Read this article. It covers how understanding a supply chain can improve internal production processes. Pay particular attention to the section that outlines push versus pull. Can you compare and contrast each system?

Applying the Model for Production Control to the Metallurgical Industry through Simulation

In order to make the decision and to increase the acceptance for future implementations in ETO manufacturers, an agent-based simulation was carried out in order to show the potential of this approach. The goal of this simulation is the comparison of today's common production control logic, the push control logic, with potential pull control logic.

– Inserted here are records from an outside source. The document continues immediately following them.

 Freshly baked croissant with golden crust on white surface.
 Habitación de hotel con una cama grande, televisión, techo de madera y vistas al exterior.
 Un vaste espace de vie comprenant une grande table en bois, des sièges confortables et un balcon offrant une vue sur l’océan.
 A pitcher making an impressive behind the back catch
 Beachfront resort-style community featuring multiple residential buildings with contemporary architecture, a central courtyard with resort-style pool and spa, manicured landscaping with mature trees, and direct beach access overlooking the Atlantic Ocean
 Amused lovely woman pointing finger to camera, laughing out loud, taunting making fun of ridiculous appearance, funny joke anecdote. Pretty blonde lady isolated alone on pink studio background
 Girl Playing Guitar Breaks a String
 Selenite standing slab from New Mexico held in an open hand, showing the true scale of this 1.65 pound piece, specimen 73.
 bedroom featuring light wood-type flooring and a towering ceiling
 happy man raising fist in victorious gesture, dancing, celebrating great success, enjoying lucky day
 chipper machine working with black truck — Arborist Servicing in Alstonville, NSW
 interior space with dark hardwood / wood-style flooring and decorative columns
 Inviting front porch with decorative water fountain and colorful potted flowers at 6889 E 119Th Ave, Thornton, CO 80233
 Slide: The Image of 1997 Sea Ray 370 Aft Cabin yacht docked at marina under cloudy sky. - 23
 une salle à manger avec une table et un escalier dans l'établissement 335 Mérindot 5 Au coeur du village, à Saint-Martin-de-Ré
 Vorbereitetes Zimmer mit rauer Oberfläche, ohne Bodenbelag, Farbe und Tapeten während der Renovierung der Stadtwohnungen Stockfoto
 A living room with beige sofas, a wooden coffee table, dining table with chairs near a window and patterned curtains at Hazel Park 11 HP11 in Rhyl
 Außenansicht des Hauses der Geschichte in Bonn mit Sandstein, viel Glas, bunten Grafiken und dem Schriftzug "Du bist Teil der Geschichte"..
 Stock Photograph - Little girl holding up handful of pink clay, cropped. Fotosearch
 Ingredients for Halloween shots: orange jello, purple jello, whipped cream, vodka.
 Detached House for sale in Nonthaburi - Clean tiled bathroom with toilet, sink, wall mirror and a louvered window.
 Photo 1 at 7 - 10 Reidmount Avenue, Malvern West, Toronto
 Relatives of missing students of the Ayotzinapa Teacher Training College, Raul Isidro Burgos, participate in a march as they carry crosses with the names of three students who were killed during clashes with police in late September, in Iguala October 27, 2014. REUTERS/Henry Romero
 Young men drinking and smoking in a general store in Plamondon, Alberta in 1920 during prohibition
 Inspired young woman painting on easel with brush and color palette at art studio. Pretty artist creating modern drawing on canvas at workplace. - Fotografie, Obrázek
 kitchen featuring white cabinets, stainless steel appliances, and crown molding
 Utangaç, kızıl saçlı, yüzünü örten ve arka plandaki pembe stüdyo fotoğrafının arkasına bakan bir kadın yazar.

Process Recording and Data Collection

As explained the methodology the first step was to represent with a process mapping the material flow of the ETO metallurgical producer and associating the data to the specific processes and product families. The important representatives of the individual product families were depicted in a process mapping tool and then brought into the simulation model with their respective production routes. For each product family, the needs of five years were taken to design the base scenario. The agents that go through the simulation were the individual manufacturing positions or units with their parameters such as tons, volume, processing time per machine group, order release date, completion date, the transport times between machine groups, etc. In addition, these positions run through the various machine groups along its production. Each machine group includes a number of machines that manufactures the same products. The machine groups depend on their shift model, usually 15 or 21 shifts as explained before.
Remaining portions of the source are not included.